England is a Canadian television-actor, so I am sure this nomination means a lot. His film also really packs an emotional wallop. It is the only one of these shorts that had me in tears. I feel, too, that Henry earned those tears. The plot is not particularly convoluted or contrived, and though the story is very familiar – a man losing his memory as he gets older – England tells the story spatially, so that his protagonist moves in and out of a series of rooms, living inside his memories and watching them unfold, not always knowing who is whom inside of them. I really liked it and found the whole thing quite moving.
Will Win: N/A
Could Win: Live-action short film
My Rating: #2 out of 5

Asad
1 Nomination
  • Live-action Short Film
Director: Bryan Buckley
Cast: Harun Mohammed, Najah Abdi Abdullahi, Ibrahim Moallim Hussein, Abdiwale Mohamed, Mohamed Abdullahi Abdikher

I didn't really understand this one. I mean, I get it. It's about fishing and doing honest work instead of working as a soldier or a pirate. But the way the film approaches this was strange to me.
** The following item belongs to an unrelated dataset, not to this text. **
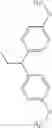 Fig. 479 - ORGANIC COMPOUNDS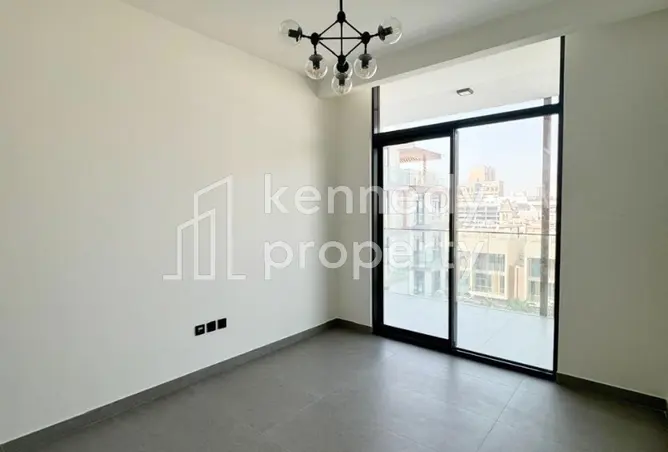 146462676 - صورة العقار 2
Buckley presents the (important and often purely economic) decision whether or not to be a pirate or whether or not or to be a soldier as a choice between whether or not to be a bully: a decision made in a Manichaean world, in other words, that is as obvious at the beginning of Asad as it is at the end.
Will Win: N/A
Could Win: N/A
My Rating: #5 out of 5

4 comments:

  1. i thoroughly enjoyed
    the US state department's involvement
    (read: financing) of this film.

    ReplyDelete
  2. above comment about the film asad.

    and now this--
    i liked the girl's dance moves in curfew
    quite a bit.
    in fact, i'm a little jealous of them...

    ReplyDelete
  3. Wiki: "polo is played with a ball, and buzkashi is played with a headless goat carcass". Given that the game may go on for several days... Just going to stop thinking about this.

    KV



    ReplyDelete
    Replies
    1. It really does look quite gruesome in the film.